At Etsy, we strive to nurture a culture of continuous learning and rapid innovation. To ensure that new products and functionalities built by teams — from polishing the look and feel of our app and website, to improving our search and recommendation algorithms — have a positive impact on Etsy’s business objectives and success metrics, […]

At Etsy, we strive to nurture a culture of continuous learning and rapid innovation. To ensure that new products and functionalities built by teams — from polishing the look and feel of our app and website, to improving our search and recommendation algorithms — have a positive impact on Etsy’s business objectives and success metrics, virtually all product launch decisions are vetted based on data collected via carefully crafted experiments, also known as A/B tests.

With hundreds of experiments running every day on limited online traffic, our desire for fast development naturally calls for ways to gain insights as early as possible in the lifetime of each experiment, without sacrificing the scientific validity of our conclusions. Among other motivations, this need drove the new formation of our *Online Experimentation Science* team: a team made of engineers and statisticians, whose key focus areas include building more advanced and scalable statistical tools for online experiments.

In this article, we share details about our team’s journey to bring the statistical method known as CUPED to Etsy, and how it is now helping other teams make more informed product decisions, as well as shorten the duration of their experiments by up to 20%. We offer some perspectives on what makes such a method possible, what it took us to implement it at scale, and what lessons we have learned along the way.

In order to fully appreciate the value of a method like CUPED, it helps to understand the key statistical challenges that pertain to A/B testing. Imagine that we have just developed a new algorithm to help users search for items on Etsy, and we would like to assess whether deploying it will increase the fraction of users who end up making a purchase, a metric known as conversion rate.

A/B testing consists in randomly forming 2 groups — A and B — of users, such that users in group A are treated (exposed to the new algorithm, regarded as a treatment) while users in group B are untreated (exposed to the current algorithm). After measuring the conversion rates Y_{A} and Y_{B} from group A and group B, we can use their difference Y_{A} – Y_{B} to estimate the effect of the treatment.

There are essentially two facets to our endeavour — detection and attribution. In other words, we are asking ourselves two questions:

*Does the observed difference reflect the existence of a real effect?**If there is a real effect, is it caused by the treatment?*

Since our estimated difference is based only on a random sample of observations, we have to deal with at least two sources of uncertainty.

The first layer of randomness is introduced by the sampling mechanism.

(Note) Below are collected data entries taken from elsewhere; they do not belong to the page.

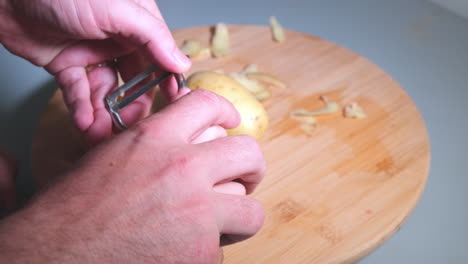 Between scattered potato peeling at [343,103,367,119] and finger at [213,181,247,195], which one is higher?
finger at [213,181,247,195]

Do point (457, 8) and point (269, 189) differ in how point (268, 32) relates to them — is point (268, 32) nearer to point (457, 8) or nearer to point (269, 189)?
point (269, 189)

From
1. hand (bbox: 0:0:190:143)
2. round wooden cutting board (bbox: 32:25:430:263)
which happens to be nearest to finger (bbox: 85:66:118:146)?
hand (bbox: 0:0:190:143)

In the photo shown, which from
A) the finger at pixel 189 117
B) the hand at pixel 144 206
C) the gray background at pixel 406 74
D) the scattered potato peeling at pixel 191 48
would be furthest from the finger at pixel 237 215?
the scattered potato peeling at pixel 191 48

Since we are only using a relatively small subset of the entire population of users, attempting to answer the first question requires the observed difference to be a sufficiently accurate estimator of the unobserved population-wide difference, so that we can distinguish a real effect from a fluke.

The other important layer of randomness comes from the assignment mechanism. Claiming that the effect is caused by the treatment requires groups A and B to be similar in all respects, except for the treatment that each group receives. As an illustrative thought experiment: pretend that we could artificially label each user as either “frequent” or “infrequent” based on how many times they have visited Etsy in the previous month. If, by chance, or rather mischance, a disproportionately large number of “frequent” users were assigned to group A (Figure 1), then it would call into question whether the observed difference in conversion rate is indeed due to an effect from the treatment, or whether it is simply due to the fact that the groups are dissimilar.

One solution to the attribution question is to exploit the randomization of the assignments, which guarantees that — except for the treatments received — groups A and B will become more and more similar in every way, on average, as their sample sizes increase. Going one step further, if we somehow understood how the type of a user (e.g. “frequent” or “infrequent”) informs their buying habit, then we could attempt to proactively adjust for group dissimilarities, and correct our naive difference Y_{A} – Y_{B} by removing the explainable contribution coming from apparent imbalances between groups A and B. This is where CUPED comes into play.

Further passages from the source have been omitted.